= CIRCAMP =

European Police Chiefs Task Force initiative against child pornography

The Cospol Internet Related Child Abusive Material Project (CIRCAMP) is a Comprehensive Operational Strategic Planning for the Police (COSPOL) project aimed at combating borderless and multinational crime in Europe. COSPOL is initiated by the European Police Chiefs Task Force (EPCTF), a council of the national heads of police in Europe.

CIRCAMP is aimed at the commercial and organized distribution of child pornography.

== Participants ==
CIRCAMP has 14 national police forces as members, in addition to analytical and operational support from Europol and Interpol. CIRCAMP was co-funded by the European Commission Safer Internet Programme.

The participating countries are Norway (Driver/Project manager), UK (Co-driver), Ireland, France, Sweden, Italy, Finland, Belgium, Spain, Malta, Denmark, The Netherlands, Poland, and Germany.

== Aims ==
One of the major ongoing tasks within CIRCAMP is the implementation and further spread of CSAADF, The Child Sexual Abuse Anti Distribution Filter. This is an access blocking methodology targeting only web domains that contain child sexual abusive files.

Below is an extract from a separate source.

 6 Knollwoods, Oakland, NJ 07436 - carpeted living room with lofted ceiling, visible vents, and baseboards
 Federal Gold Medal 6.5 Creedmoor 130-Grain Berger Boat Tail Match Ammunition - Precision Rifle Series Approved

The primary aims of domain-based filtering and displaying a STOP page on the computer or mobile device of an Internet user accessing a web site with child abuse content are:
- To prevent the re-victimization of those children who are or have been the victim of abuse.
- To prevent accidental access to this illegal and harmful content by the public.
- To prevent deliberate access to child abuse material on the Internet.
- To reduce the customer base of these illegal websites with the assistance of participating Internet Service Providers ISP.

== Arguments against stated aims ==
It is questionable whether the prevention of re-victimization is a valid aim, as blocking leaves the website online and available for view from people who circumvent the block and who are outside the jurisdiction.
There is no empirical evidence to suggest that accidental access is reduced to a significant degree by web blocking.
Web blocking is very easy to circumvent, so deliberate access is not prevented by web blocking.
There is no conclusive evidence to show to what degree this goal is achieved. Evidence from a project run by the UK police suggests that commercial websites are in significant decline. Still, websites provided by persons with a sexual interest in children or for other reasons have shown little or no decline. Therefore, the number of new websites entered onto the Internet has been reduced, but the problem persists.

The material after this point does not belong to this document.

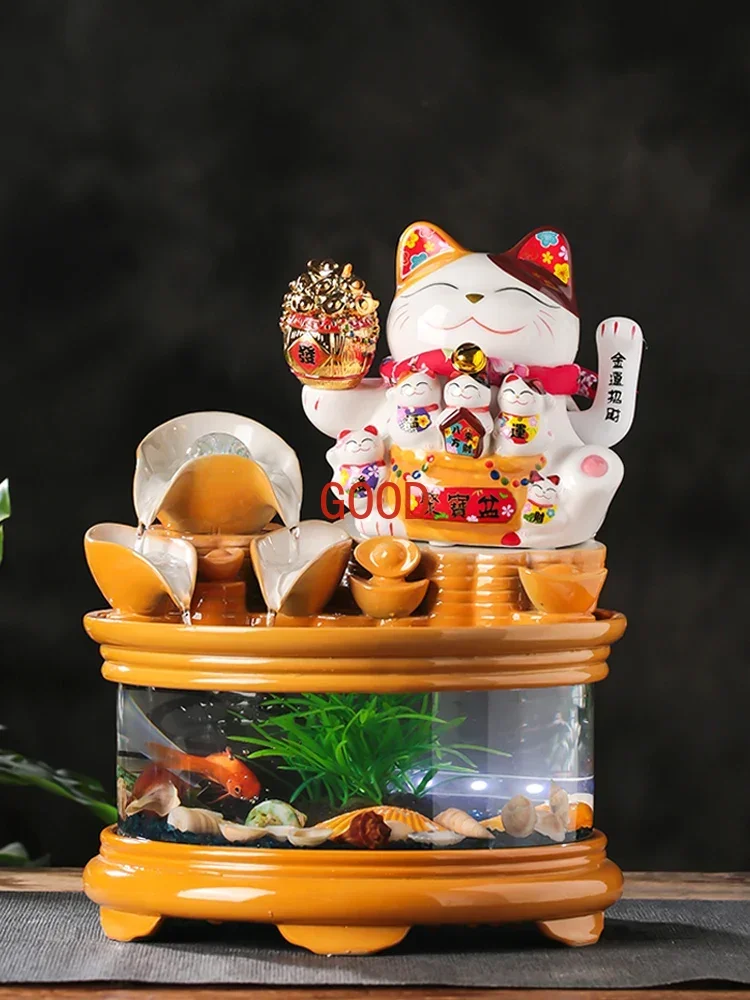 Flowing Water Glass Fish Tank Living Room Landscape Fountain Feng Shui Waving Cat Ceramic 1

== Evaluating sites for CSAADF ==
The police in the member countries, which already have an access blocking system in place, are able to evaluate the content of websites against the national legislation. These websites are found in investigations, exchanged with other law enforcement agencies, or received as tips from hotlines. If the content is found to be illegal to download, possess, or distribute in said country, their domain or URS is added to the list of blocked addresses. The ISPs will then, either by agreement with the police or their obligation by the law, redirect the traffic to another server and display a STOP page. This STOP page will explain the reason for the redirection of traffic, give links to legislation and ways to contact the police where they can contest the blocking.

The access blocking of child sexual abuse websites is purely preventive and no investigations against persons are started as a result of redirected Internet traffic, nor is any identifiable information about the Internet user stored.

== Cooperation ==
Although CIRCAMP is a European/Europol police project, they are also cooperating with countries outside of the EU, such as Norway, Switzerland, and New Zealand. The international nature of the Internet demands that policing has an international approach while remaining in accordance with national legislation. CIRCAMP is supporting and cooperating with INTERPOL in its effort to provide ISP and other providers of services on the Internet with a "Worst of" list of domains containing child sexual abuse material. The work of CIRCAMP countries is essential in the quality control of the INTERPOL list, as specialist national police units on child sexual abuse participate.

CIRCAMP is also cooperating in the cross-border commercial exploitation of children in more traditional investigations, and are planning to initiate international investigations against commercial procurers of such material with the aim of blocking the payment possibilities and investigating the persons within these organizations.